Growing Youth Power in the Central Valley
Summer 2021
By Veronica Terriquez PhD, Randy Villegas, Angelina Santiago, Valeria Mena, and Jared Semana
This report takes stock of youth voice and power in the Central Valley. Drawing on surveys, 70 in-depth interviews with youth leaders, participant observations, and voting records, this report seeks to contextualize and provide an account of youth-serving organizations in the region. It begins with a historical overview of the Central Valley, with a focus on migration into the region, its exclusionary political history, and prior efforts to address social justice. After assessing the shared contributions of youth leadership and youth organizing groups, the report then features grassroots and civic engagement campaign efforts.
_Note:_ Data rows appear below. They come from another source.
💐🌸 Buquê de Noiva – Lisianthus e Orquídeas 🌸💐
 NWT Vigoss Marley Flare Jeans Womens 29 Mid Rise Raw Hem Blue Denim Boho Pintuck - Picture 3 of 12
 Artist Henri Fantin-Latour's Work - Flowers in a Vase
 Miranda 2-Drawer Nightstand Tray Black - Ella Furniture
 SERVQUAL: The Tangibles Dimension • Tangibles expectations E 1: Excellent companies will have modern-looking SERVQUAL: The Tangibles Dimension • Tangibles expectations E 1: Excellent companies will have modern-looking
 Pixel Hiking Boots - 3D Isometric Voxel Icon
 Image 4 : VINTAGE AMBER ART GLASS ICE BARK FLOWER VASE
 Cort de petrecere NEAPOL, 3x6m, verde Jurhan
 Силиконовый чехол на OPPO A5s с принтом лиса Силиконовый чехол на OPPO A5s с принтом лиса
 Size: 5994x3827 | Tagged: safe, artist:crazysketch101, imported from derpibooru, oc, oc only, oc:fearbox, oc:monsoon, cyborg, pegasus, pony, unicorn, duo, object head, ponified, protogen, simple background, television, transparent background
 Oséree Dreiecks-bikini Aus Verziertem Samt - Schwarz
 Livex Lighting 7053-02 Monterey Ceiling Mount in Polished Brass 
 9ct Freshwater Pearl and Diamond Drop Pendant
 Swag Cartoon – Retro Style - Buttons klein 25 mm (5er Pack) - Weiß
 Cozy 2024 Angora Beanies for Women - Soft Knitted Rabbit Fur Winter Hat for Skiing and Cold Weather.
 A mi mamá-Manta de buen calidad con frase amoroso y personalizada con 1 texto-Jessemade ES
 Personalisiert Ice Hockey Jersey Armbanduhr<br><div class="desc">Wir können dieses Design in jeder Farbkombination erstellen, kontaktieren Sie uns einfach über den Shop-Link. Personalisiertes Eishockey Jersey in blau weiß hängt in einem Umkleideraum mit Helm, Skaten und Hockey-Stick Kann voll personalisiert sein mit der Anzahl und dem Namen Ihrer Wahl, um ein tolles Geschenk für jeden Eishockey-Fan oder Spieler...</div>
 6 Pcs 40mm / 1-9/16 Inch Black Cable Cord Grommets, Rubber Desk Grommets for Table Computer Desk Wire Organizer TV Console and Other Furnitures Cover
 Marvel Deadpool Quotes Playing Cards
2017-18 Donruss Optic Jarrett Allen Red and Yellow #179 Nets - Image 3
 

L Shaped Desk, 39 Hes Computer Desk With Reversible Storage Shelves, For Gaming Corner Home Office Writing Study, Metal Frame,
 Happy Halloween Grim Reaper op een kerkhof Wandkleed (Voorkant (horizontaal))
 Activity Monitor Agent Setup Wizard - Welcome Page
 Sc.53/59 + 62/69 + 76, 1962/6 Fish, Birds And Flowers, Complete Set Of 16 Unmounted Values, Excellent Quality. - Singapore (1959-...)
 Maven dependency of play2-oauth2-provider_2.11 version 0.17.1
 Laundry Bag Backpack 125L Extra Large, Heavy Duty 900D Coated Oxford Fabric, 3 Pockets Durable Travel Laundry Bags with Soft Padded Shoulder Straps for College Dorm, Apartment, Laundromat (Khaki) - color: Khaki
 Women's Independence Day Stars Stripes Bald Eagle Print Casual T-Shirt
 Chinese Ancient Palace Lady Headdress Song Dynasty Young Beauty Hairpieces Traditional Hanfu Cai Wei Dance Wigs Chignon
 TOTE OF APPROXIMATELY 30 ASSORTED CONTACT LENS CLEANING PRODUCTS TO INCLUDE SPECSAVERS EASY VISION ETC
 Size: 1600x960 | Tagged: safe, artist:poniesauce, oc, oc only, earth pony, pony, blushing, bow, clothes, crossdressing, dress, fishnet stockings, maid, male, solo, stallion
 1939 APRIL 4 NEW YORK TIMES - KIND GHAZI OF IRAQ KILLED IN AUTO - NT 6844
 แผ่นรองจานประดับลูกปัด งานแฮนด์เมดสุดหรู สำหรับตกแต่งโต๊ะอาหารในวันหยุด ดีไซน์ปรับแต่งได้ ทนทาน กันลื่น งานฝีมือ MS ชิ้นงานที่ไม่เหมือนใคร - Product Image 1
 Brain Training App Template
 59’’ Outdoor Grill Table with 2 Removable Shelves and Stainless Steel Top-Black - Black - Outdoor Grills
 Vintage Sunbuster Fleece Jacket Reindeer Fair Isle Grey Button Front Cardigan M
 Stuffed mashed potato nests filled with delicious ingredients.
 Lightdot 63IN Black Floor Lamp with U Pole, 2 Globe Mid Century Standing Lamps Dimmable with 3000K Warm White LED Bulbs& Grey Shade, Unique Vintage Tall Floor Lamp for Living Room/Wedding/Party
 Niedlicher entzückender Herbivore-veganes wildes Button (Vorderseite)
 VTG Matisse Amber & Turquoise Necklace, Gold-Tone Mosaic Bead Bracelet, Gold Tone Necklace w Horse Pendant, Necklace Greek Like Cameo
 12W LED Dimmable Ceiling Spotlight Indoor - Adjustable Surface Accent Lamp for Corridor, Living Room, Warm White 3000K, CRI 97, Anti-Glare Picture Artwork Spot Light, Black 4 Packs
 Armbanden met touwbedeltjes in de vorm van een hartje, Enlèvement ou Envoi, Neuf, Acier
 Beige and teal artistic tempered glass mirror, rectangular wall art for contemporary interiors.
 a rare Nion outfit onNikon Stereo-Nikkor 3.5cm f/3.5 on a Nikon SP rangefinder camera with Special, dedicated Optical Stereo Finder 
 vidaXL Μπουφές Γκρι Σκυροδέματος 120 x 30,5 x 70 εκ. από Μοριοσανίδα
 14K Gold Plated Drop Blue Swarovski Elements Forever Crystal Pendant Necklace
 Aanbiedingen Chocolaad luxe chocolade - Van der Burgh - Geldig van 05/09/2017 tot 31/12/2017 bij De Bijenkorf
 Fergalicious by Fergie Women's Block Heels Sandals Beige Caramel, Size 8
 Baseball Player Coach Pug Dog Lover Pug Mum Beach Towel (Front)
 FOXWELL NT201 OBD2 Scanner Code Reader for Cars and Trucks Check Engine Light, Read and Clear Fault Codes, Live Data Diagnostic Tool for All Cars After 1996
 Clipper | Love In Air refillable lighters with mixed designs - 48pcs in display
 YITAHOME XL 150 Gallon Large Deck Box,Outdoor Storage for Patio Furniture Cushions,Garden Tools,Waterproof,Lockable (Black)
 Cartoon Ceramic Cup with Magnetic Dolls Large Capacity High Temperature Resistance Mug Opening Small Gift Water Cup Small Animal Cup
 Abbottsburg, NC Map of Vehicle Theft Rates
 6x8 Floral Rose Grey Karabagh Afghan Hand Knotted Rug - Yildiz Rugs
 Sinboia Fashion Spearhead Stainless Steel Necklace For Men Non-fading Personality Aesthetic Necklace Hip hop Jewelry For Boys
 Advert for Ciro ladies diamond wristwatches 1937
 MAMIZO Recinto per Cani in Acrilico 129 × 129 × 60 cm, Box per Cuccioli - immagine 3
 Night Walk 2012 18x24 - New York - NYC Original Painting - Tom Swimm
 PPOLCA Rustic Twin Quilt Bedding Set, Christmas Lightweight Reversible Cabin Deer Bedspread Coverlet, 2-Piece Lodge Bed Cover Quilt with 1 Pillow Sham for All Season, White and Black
The authors discuss youths’ involvement in these campaigns, showing how these efforts build young people’s ability to lead civic action. The report goes on to discuss the surge in voter turnout, and features some of the activities that groups have engaged in to grow the young electorate. At the same time, this research demonstrates the need for ongoing efforts to reach emerging and young voters. An appendix lists grassroots youth-led campaign wins.
Report Highlights
While residing in a racially diverse region, youth of color in the Central Valley struggle against a legacy of White supremacy as they seek to exercise their voice and help shape policy decisions that impact their communities. At the same time, they can gain inspiration and learn from a rich local history of labor, environmental justice, and other movements led by people of color.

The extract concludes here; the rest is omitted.